Cette exposition programmée par le musée depuis l'été 2015 a été nourrie de l'expérience vécue par l'artiste auprès des réfugiés, qu'il a côtoyés pendant cinq mois en Grèce. Pour rendre compte des drames de l'exode, il a décidé d'installer en janvier un atelier sur l'île qui en est devenue le symbole, Lesbos, en mer Égée.

«La bouée de sauvetage» et «le pneu», deux sculptures en marbre, évoquent les périlleuses traversées en mer lors desquelles des centaines de migrants ont trouvé la mort.

Au sommet du musée, les drapeaux grec et européen flottent au côté d'un troisième portant la silhouette d'Aylan, le garçonnet kurde noyé dont la photo gisant sur une plage turque avait ému le monde entier.

L'artiste a troqué le bleu, jaune et blanc des couleurs grecques et européennes par de l'argent et du doré, pour évoquer les couvertures isothermes distribuées aux centaines de milliers de réfugiés lors de leur arrivée sur les îles grecques.

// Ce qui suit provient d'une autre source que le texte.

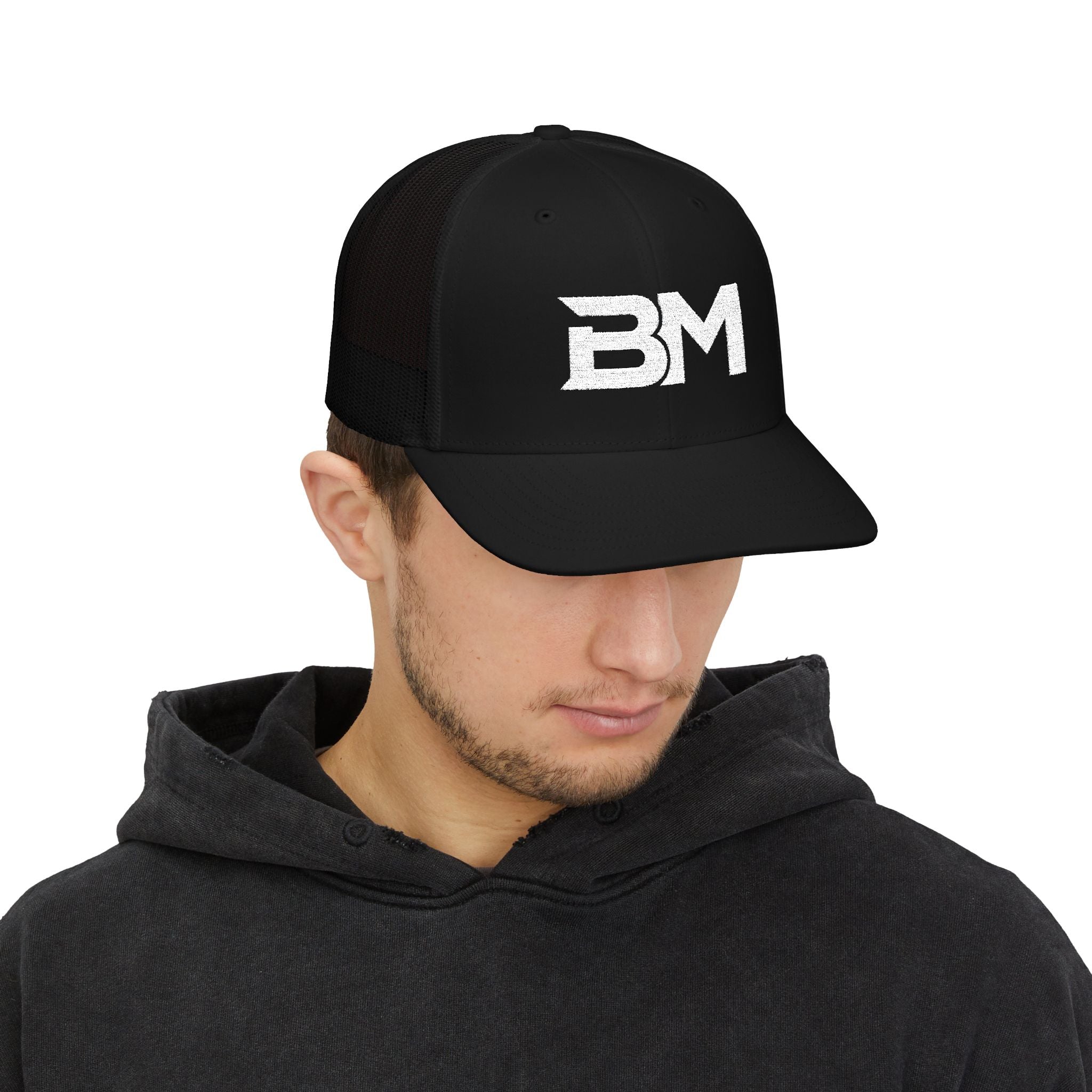 BM Logo Snapback Trucker Cap — Bold Monogram Mesh Baseball Hat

Pour dénoncer «la violence» contre les réfugiés et «la xénophobie», comme l'explique le catalogue, il confronte des canettes de gaz lacrymogène à des vases antiques, ceux de type «lacrymatoire» réputés accueillir dans l'Antiquité les larmes des proches de défunts.

Les légendes précisent que les gaz lacrymogènes datent d'une charge de la police macédonienne pour refouler le 10 avril dernier des migrants tentant de forcer leur route vers l'Europe du Nord.

Ai Weiwei rapproche aussi siècles et continents en se portraiturant en un «personnage debout», une imposante sculpture en marbre blanc, qui s'inspire directement des idoles cycladiques, mais fait aussi écho à l'une de ses oeuvres emblématiques, «le Vase de la dynastie Han». Contrairement aux statues néolithiques, les bras sont grand ouverts.

Plus loin, un «iPhone papier peint» géant, composé d'une série des photos de l'artiste sur les migrants, tapisse un des murs du musée.

L'exposition, qui comprend aussi des oeuvres phares de l'artiste depuis les années 2000, doit durer jusqu'au 10 octobre.